TEST compile_cons(Buffer *buf, uword *heap) {
ASTNode *node = Reader_read("(cons 1 2)");
int compile_result = Compile_entry(buf, node);
ASSERT_EQ(compile_result, 0);
// clang-format off
byte expected[] = {
// mov rax, 0x2
0x48, 0xc7, 0xc0, 0x04, 0x00, 0x00, 0x00,
// mov [rbp-8], rax
0x48, 0x89, 0x45, 0xf8,
// mov rax, 0x4
0x48, 0xc7, 0xc0, 0x08, 0x00, 0x00, 0x00,
// mov [rsi+Cdr], rax
0x48, 0x89, 0x46, 0x08,
// mov rax, [rbp-8]
0x48, 0x8b, 0x45, 0xf8,
// mov [rsi+Car], rax
0x48, 0x89, 0x46, 0x00,
// mov rax, rsi
0x48, 0x89, 0xf0,
// or rax, kPairTag
0x48, 0x83, 0xc8, 0x01,
// add rsi, 2*kWordSize
0x48, 0x81, 0xc6, 0x10, 0x00, 0x00, 0x00,
};
// clang-format on
EXPECT_ENTRY_CONTAINS_CODE(buf, expected);
Buffer_make_executable(buf);
uword result = Testing_execute_entry(buf, heap);
ASSERT(Object_is_pair(result));
ASSERT_EQ_FMT(Object_encode_integer(1), Object_pair_car(result), "0x%lx");
ASSERT_EQ_FMT(Object_encode_integer(2), Object_pair_cdr(result), "0x%lx");
AST_heap_free(node);
PASS();
}
Here is a test for that tricky nested cons
case that messed me up originally:
TEST compile_nested_cons(Buffer *buf, uword *heap) {
ASTNode *node = Reader_read("(cons (cons 1 2) (cons 3 4))");
int compile_result = Compile_entry(buf, node);
ASSERT_EQ(compile_result, 0);
Buffer_make_executable(buf);
uword result = Testing_execute_entry(buf, heap);
ASSERT(Object_is_pair(result));
ASSERT(Object_is_pair(Object_pair_car(result)));
ASSERT_EQ_FMT(Object_encode_integer(1),
Object_pair_car(Object_pair_car(result)), "0x%lx");
ASSERT_EQ_FMT(Object_encode_integer(2),
Object_pair_cdr(Object_pair_car(result)), "0x%lx");
ASSERT(Object_is_pair(Object_pair_cdr(result)));
ASSERT_EQ_FMT(Object_encode_integer(3),
Object_pair_car(Object_pair_cdr(result)), "0x%lx");
ASSERT_EQ_FMT(Object_encode_integer(4),
Object_pair_cdr(Object_pair_cdr(result)), "0x%lx");
AST_heap_free(node);
PASS();
}
Here’s a test for reading the car
of a pair.
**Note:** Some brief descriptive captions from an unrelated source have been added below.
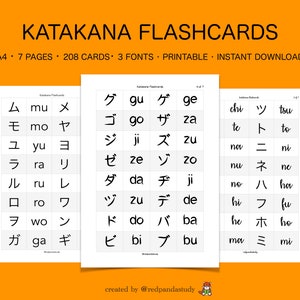Katakana flashcards for Japanese language learning - Printable digital worksheet - Study and learn - Hiragana and Kanji - JLPT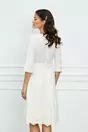 Rochie Dy Fashion alba cu motive florale la baza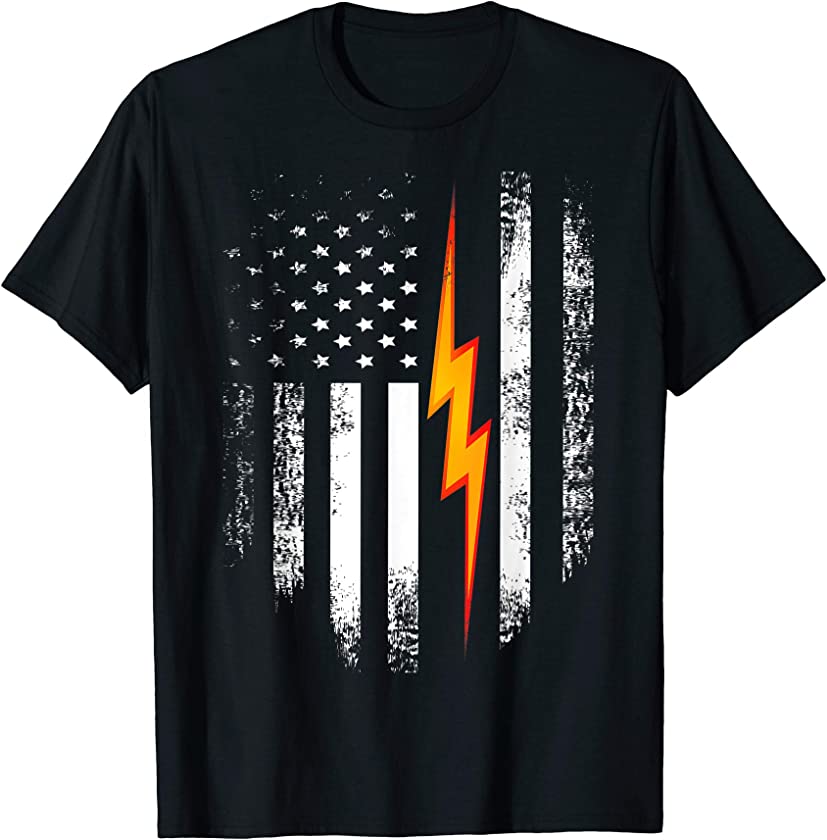 Vintage USA Electric American Flag T-Shirt Lineman Cool Gift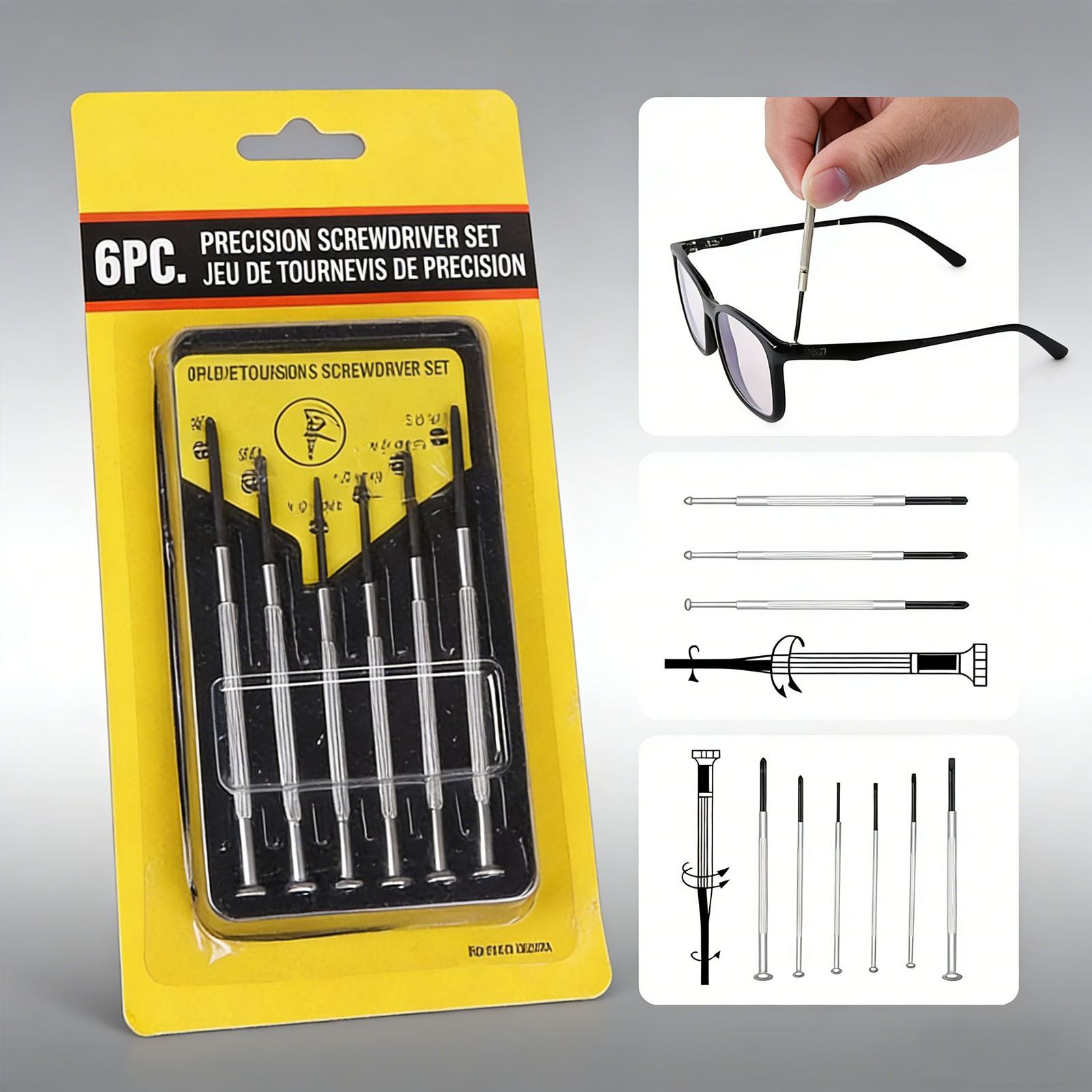 Screwdriver Set Precision - 6 Parça Tornavida Seti, Gözlük Aksesuarları,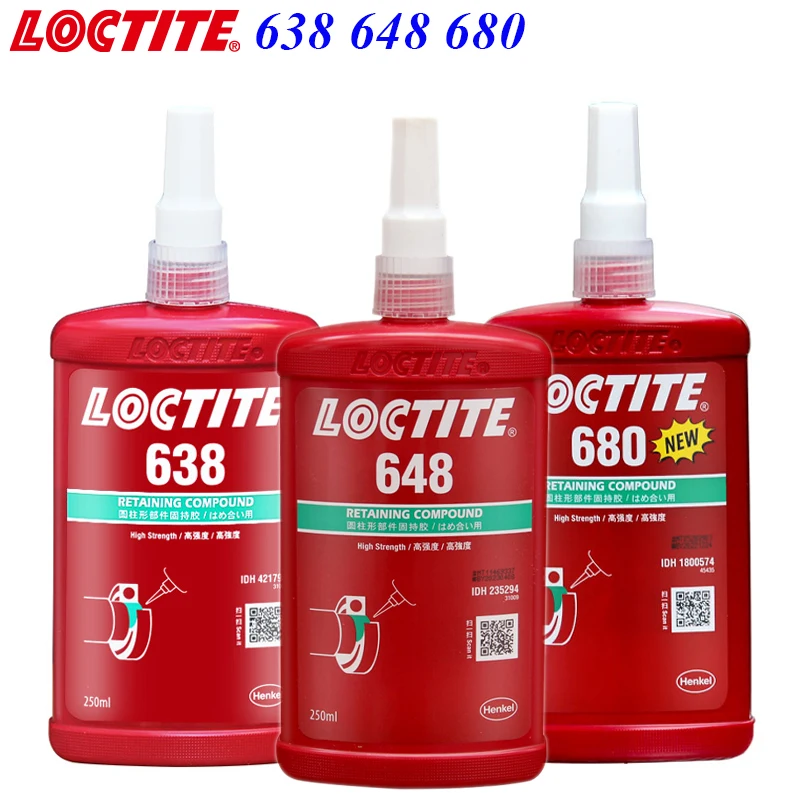 250Ml 50Ml Nuovo Loctite 638 648 680 Cuscinetto Cilindrico Colla Di Tenuta 601 603 Adesivo Anaerobico Ingranaggio Rotore Fissaggio Sigillante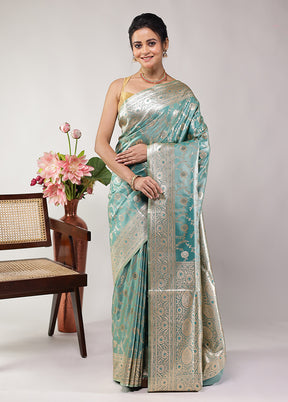 Green Banarasi Silk Saree With Blouse Piece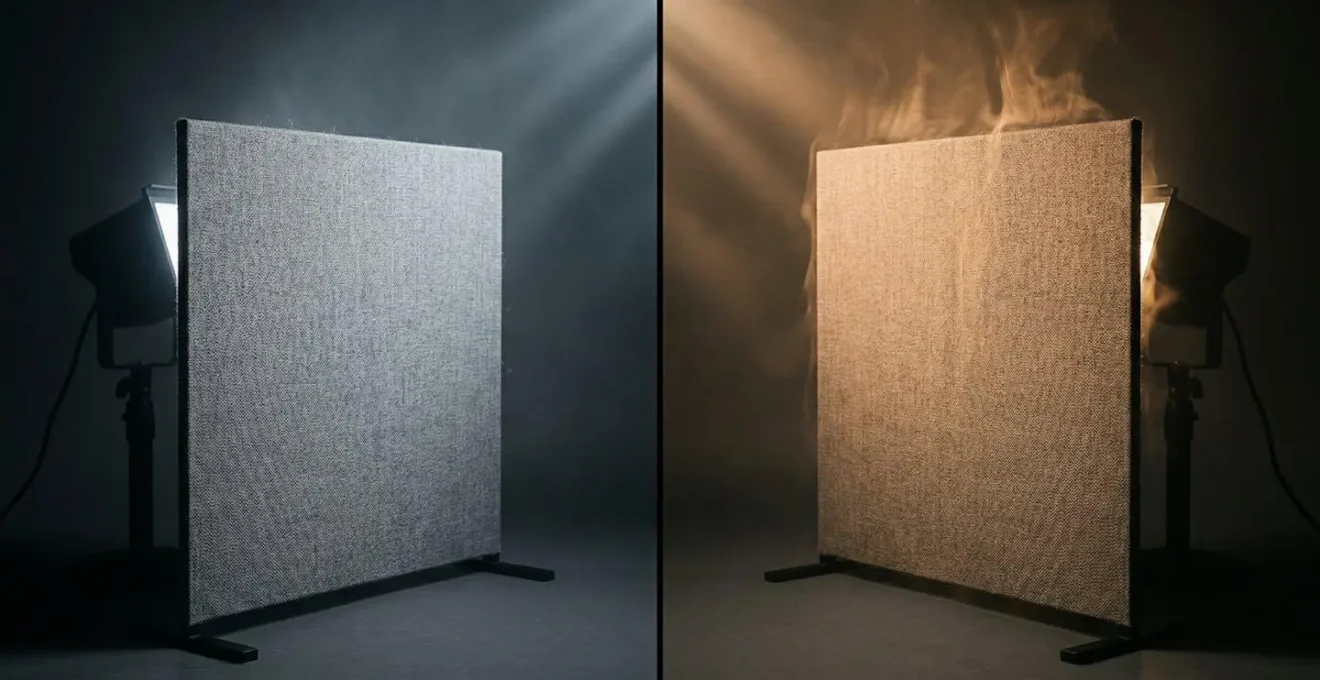 Comparaison visuelle entre éclairage LED et halogène sur stand professionnel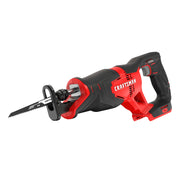 Photo of Craftsman cordless reciprocating saw, black and red, SKU CMCS300B, side angle on white background.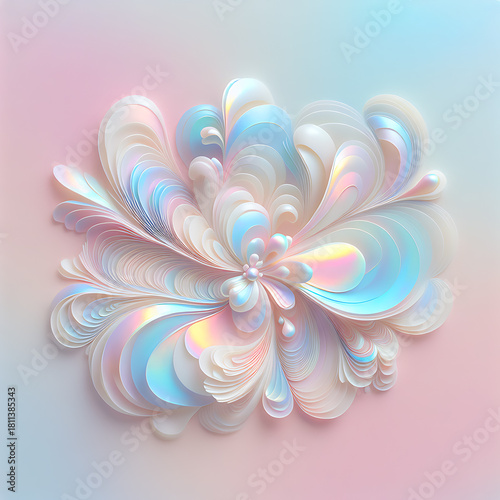 Soft pastel pink floral background with iridescent pearl, abstract wave texture, dreamy, ethereal, shimmering, delicate gradients, copy space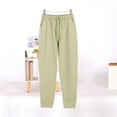 thumbnail image 6 of Men's Cotton Pajama Joggers Big & Tall Long Sleeping Pants with Pocket Drawstring Loose Comfy Lounge Wear Pjs Army Green, L, 6 of 6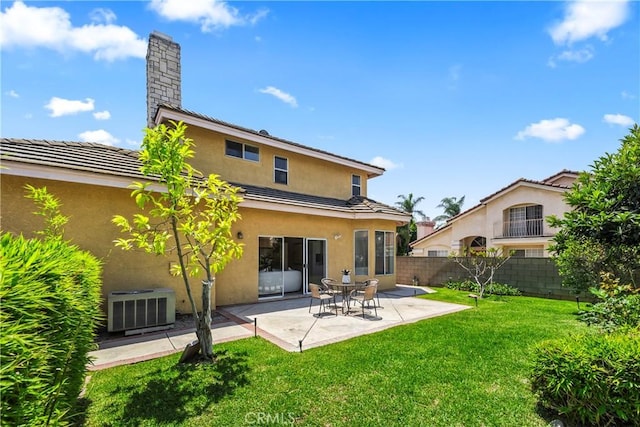 5255 La Madera Ave, El Monte, CA 91732 - back of property with stucco siding, a patio, and a chimney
The test for cdr
is so similar
I will not include it here.
TEST compile_car(Buffer *buf, uword *heap) {
ASTNode *node = Reader_read("(car (cons 1 2))");
int compile_result = Compile_entry(buf, node);
ASSERT_EQ(compile_result, 0);
// clang-format off
byte expected[] = {
// mov rax, 0x2
0x48, 0xc7, 0xc0, 0x04, 0x00, 0x00, 0x00,
// mov [rbp-8], rax
0x48, 0x89, 0x45, 0xf8,
// mov rax, 0x4
0x48, 0xc7, 0xc0, 0x08, 0x00, 0x00, 0x00,
// mov [rsi+Cdr], rax
0x48, 0x89, 0x46, 0x08,
// mov rax, [rbp-8]
0x48, 0x8b, 0x45, 0xf8,
// mov [rsi+Car], rax
0x48, 0x89, 0x46, 0x00,
// mov rax, rsi
0x48, 0x89, 0xf0,
// or rax, kPairTag
0x48, 0x83, 0xc8, 0x01,
// add rsi, 2*kWordSize
0x48, 0x81, 0xc6, 0x10, 0x00, 0x00, 0x00,
// mov rax, [rax-1]
0x48, 0x8b, 0x40, 0xff,
};
// clang-format on
EXPECT_ENTRY_CONTAINS_CODE(buf, expected);
Buffer_make_executable(buf);
uword result = Testing_execute_entry(buf, heap);
ASSERT_EQ_FMT(Object_encode_integer(1), result, "0x%lx");
AST_heap_free(node);
PASS();
}
I didn’t cover variable-length objects in this post because I wanted to focus
on the basics of allocating and poking at allocated data structures. Next time,
we’ll add symbols and strings we’ll learn about instruction encoding.